School of Chemical and Biomedical Engineering, Nanyang Technological University, 62 Nanyang Drive, Singapore 637459, Singapore.
Biotechnol Adv. 2013 Nov;31(6):903-14. doi: 10.1016/j.biotechadv.2013.02.001. Epub 2013 Feb 10.
Efficient production of biochemicals using engineered microbes as whole-cell biocatalysts requires robust cell viability. Robust viability leads to high productivity and improved bioprocesses by allowing repeated cell recycling.

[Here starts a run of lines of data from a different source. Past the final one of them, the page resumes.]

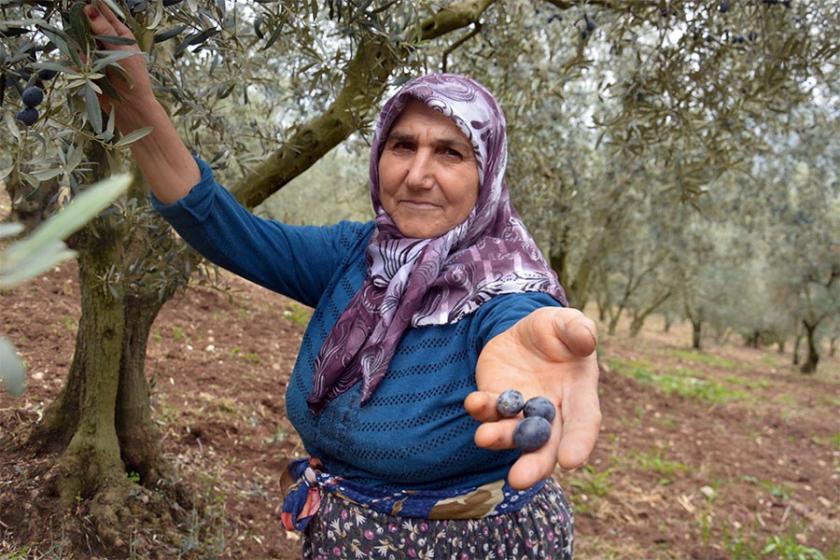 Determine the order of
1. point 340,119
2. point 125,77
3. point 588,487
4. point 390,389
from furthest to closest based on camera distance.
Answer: point 588,487
point 340,119
point 390,389
point 125,77

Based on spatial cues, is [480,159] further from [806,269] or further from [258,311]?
[806,269]

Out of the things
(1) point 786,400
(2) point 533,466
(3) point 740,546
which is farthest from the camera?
(1) point 786,400

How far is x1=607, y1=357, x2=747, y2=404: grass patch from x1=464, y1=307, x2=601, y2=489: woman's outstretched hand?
35.7ft

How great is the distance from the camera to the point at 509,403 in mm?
1243

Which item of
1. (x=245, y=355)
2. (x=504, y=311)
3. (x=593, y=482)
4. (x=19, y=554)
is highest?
(x=504, y=311)

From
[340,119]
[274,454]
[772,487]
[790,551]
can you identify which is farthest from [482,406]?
[772,487]

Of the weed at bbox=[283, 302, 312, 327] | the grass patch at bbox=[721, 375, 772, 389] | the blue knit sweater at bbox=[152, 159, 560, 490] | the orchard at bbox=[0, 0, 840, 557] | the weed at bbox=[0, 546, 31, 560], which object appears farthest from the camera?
the grass patch at bbox=[721, 375, 772, 389]

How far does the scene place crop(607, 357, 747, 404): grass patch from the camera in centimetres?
1212

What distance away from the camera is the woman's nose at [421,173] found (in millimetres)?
2002

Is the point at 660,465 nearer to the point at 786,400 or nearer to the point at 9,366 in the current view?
the point at 9,366

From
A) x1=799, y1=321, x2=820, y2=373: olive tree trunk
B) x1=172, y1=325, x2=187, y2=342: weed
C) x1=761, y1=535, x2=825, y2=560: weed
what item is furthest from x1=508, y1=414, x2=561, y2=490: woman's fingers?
x1=799, y1=321, x2=820, y2=373: olive tree trunk

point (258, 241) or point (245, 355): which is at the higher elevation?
point (258, 241)

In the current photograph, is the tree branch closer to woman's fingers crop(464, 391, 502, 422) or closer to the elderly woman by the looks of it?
the elderly woman

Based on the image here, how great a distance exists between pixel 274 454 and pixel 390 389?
3.33 m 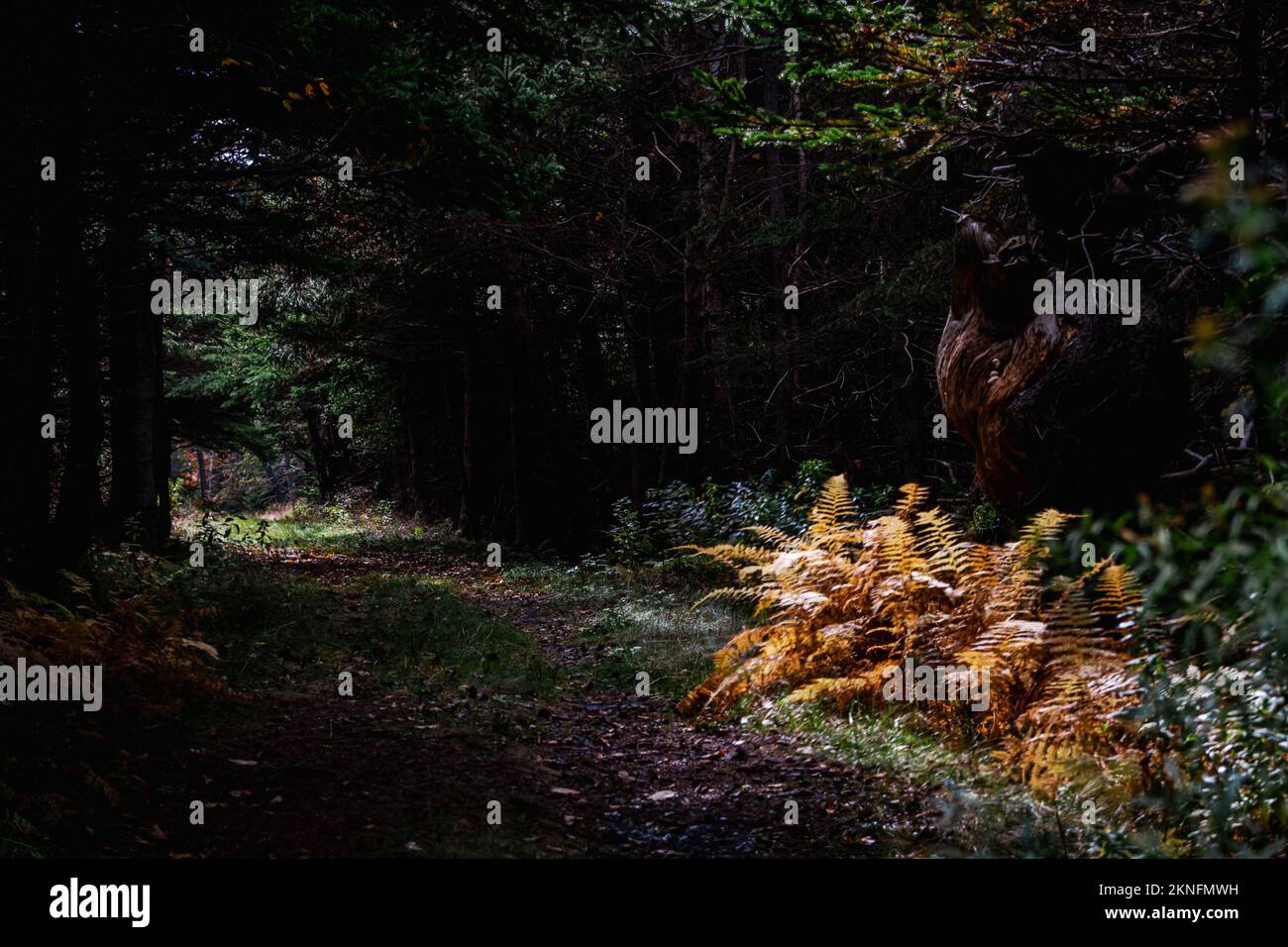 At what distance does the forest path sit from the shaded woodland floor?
2 centimetres

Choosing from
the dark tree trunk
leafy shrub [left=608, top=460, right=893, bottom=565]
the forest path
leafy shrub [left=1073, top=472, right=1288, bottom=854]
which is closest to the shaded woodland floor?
the forest path

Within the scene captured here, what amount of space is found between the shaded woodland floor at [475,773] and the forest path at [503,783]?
2 centimetres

However, cell viability is negatively affected by a plethora of stresses, namely chemical toxicity and metabolic imbalances, primarily resulting from bio-synthesis pathways. Chemical toxicity is caused by substrates, intermediates, products, and/or by-products, and these compounds often interfere with important metabolic processes and damage cellular infrastructures such as cell membrane, leading to poor cell viability. Further, stresses on engineered cells are accentuated by metabolic imbalances, which are generated by heavy metabolic resource consumption due to enzyme overexpression, redistribution of metabolic fluxes, and impaired intracellular redox state by co-factor imbalance. To address these challenges, herein, we discuss a range of key microbial engineering strategies, substantiated by recent advances, to improve cell viability for commercially sustainable production of biochemicals from renewable resources.
利用工程化微生物作为全细胞生物催化剂高效生产生物化学物质需要强大的细胞活力。通过允许细胞重复回收,强大的活力可提高生产力并改善生物工艺。然而,细胞活力受到多种压力的负面影响,主要是由于生物合成途径导致的化学毒性和代谢失衡。化学毒性是由底物、中间体、产物和/或副产物引起的,这些化合物经常干扰重要的代谢过程并破坏细胞膜等细胞基础设施,导致细胞活力差。此外,由于酶过表达、代谢通量再分配以及辅因子失衡导致的细胞内氧化还原状态受损,代谢失衡加剧了对工程细胞的压力。为了解决这些挑战,本文讨论了一系列关键的微生物工程策略,这些策略最近取得了进展,旨在提高细胞活力,从而从可再生资源中进行具有商业可持续性的生物化学物质生产。